Mesmo com os avanços, possibilitados também pelo mecanismo de heteroidentificação, Mota enfatiza que o sistema de cotas pode ser melhorado para mitigar as fraudes. “A lei [que instituiu as cotas nas universidades] é muito bonita, mas quando colocada em prática, tem que ser acompanhada”, completa.
'Revolução silenciosa'
A pesquisadora Luizete Vicente, da Universidade Federal do Ceará (UFC), reforça que as cotas, de fato, modificaram a realidade brasileira, e as descreve como uma “revolução silenciosa”. “Em 20 anos, houve uma melhoria nos índices de qualidade da educação e houve diminuição na quantidade de desistências. Todos os mitos caíram por terra. A história mostra que as cotas funcionam”, afirma.
Luizete conduz pesquisas sobre o acesso de mulheres negras à Comunicação, e considera que as fraudes nas instituições acabam por enfraquecer o debate das cotas e desqualificar essa política.
“Fortalece o discurso de que ‘não dá para saber quem é negro no Brasil’, que ‘nós vivemos em um País miscigenado’. Sim, somos. Mas, o percentual de população negra é visível na sociedade. A gente tem no Brasil um racismo muito cruel e essas fraudes também têm a ver com esse racismo à brasileira”, avalia.
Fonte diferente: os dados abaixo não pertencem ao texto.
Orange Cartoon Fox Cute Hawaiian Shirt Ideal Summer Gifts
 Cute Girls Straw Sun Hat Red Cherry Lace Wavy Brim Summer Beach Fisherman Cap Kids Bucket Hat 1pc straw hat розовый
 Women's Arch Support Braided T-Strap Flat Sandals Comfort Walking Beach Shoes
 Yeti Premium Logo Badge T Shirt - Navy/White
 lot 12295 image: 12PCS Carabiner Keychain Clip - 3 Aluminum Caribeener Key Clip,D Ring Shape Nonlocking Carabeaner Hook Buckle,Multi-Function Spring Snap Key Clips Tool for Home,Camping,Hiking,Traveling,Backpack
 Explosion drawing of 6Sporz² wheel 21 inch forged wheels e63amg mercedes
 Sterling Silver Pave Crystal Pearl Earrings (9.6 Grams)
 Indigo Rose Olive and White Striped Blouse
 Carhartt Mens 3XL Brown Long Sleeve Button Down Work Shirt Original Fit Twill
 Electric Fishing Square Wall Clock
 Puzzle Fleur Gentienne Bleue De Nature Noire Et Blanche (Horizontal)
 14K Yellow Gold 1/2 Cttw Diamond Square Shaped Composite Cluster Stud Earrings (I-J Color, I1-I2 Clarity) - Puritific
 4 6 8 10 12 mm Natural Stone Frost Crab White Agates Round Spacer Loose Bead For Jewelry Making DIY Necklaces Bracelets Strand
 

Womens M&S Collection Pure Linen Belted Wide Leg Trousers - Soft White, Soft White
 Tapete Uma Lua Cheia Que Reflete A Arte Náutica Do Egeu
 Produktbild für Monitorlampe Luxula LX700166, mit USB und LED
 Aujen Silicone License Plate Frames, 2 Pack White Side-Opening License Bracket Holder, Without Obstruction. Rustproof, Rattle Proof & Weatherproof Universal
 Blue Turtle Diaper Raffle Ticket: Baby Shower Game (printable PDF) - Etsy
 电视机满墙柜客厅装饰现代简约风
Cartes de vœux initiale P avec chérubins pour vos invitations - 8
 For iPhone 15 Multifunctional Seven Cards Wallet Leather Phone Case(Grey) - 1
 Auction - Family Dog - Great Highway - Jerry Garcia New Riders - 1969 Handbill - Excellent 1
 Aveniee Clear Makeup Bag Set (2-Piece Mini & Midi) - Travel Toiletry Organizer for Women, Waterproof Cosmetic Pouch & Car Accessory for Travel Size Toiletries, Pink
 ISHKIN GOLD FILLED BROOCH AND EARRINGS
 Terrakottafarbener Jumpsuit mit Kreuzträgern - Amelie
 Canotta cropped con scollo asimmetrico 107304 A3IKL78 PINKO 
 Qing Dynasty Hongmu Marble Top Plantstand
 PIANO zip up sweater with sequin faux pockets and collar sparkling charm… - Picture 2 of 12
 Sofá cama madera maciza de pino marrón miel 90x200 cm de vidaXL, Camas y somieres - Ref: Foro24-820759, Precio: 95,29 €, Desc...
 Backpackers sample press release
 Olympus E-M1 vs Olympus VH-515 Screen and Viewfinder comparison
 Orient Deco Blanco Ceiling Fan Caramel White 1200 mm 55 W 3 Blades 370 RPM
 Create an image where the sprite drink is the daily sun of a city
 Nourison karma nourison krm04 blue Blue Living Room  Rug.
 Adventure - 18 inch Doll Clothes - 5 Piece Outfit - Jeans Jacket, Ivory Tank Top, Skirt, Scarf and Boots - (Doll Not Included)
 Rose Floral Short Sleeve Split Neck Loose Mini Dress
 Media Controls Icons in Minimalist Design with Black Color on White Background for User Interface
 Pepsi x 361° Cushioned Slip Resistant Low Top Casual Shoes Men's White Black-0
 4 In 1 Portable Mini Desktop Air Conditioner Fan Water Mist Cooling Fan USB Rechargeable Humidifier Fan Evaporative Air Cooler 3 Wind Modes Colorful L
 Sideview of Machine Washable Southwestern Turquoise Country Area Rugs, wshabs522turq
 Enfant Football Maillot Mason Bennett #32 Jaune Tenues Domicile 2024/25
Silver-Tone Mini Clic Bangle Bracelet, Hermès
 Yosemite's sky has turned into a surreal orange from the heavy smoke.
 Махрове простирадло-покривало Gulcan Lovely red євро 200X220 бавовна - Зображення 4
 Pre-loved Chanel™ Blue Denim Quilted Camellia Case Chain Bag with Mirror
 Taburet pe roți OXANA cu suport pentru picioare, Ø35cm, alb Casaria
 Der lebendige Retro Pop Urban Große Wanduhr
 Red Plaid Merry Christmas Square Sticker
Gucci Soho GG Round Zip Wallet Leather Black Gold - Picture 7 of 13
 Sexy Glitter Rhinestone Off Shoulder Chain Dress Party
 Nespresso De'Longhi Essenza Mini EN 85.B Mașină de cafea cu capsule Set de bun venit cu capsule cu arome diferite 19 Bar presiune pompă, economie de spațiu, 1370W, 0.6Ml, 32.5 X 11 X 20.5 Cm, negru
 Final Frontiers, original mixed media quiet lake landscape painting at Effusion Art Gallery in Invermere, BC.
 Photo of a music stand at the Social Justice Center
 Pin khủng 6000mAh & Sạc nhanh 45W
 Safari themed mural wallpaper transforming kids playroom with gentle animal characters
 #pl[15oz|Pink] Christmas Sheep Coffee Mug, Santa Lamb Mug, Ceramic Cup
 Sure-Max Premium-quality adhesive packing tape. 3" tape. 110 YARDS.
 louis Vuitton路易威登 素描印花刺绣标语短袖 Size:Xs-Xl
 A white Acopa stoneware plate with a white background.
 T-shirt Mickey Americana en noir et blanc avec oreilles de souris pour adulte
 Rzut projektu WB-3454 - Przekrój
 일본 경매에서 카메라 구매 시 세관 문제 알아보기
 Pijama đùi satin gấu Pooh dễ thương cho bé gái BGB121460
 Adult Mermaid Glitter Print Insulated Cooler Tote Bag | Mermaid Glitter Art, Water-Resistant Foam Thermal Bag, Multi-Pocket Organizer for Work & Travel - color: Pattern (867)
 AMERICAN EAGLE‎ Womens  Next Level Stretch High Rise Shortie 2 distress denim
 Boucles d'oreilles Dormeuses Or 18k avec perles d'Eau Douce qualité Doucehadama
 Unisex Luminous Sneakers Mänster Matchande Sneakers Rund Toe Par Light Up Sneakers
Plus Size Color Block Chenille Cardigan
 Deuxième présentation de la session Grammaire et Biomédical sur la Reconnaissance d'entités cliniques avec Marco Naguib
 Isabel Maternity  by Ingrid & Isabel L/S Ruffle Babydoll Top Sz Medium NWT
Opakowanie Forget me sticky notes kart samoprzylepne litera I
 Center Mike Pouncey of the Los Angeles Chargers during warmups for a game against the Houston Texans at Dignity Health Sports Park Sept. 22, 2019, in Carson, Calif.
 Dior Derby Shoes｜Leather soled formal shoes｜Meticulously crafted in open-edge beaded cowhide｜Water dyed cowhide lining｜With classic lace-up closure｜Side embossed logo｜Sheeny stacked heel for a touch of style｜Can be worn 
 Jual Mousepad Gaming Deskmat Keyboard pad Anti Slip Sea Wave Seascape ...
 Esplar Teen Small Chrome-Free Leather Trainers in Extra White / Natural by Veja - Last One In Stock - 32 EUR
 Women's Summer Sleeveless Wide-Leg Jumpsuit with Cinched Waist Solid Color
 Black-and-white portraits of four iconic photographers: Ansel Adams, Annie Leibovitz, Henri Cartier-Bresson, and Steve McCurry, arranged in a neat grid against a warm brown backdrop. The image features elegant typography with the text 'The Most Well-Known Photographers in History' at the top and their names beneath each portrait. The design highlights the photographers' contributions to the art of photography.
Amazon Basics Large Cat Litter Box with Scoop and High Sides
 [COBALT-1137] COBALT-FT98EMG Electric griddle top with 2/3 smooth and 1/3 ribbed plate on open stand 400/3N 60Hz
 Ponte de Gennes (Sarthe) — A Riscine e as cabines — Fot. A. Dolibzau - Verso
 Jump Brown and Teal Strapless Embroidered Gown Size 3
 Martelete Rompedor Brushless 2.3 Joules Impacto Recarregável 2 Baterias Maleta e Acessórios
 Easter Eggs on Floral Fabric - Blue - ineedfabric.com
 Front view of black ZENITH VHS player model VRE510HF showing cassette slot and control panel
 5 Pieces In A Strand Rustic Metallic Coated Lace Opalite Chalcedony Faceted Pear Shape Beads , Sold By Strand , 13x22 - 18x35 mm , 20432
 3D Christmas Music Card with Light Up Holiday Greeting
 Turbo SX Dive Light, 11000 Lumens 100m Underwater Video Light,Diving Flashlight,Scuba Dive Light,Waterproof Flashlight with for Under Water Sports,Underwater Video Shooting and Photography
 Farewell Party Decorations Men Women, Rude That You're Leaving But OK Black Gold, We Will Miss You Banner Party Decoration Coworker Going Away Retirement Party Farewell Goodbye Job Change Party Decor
Ela pondera que a situação remete a negar à população negra o acesso à educação, e, por isso, é necessário criar estratégias e continuar denunciando fraudes dessa natureza. “Política pública não acaba quando acontece. Ela é implementada e avaliada constantemente, é um monitoramento. A gente vai preenchendo as brechas", conclui.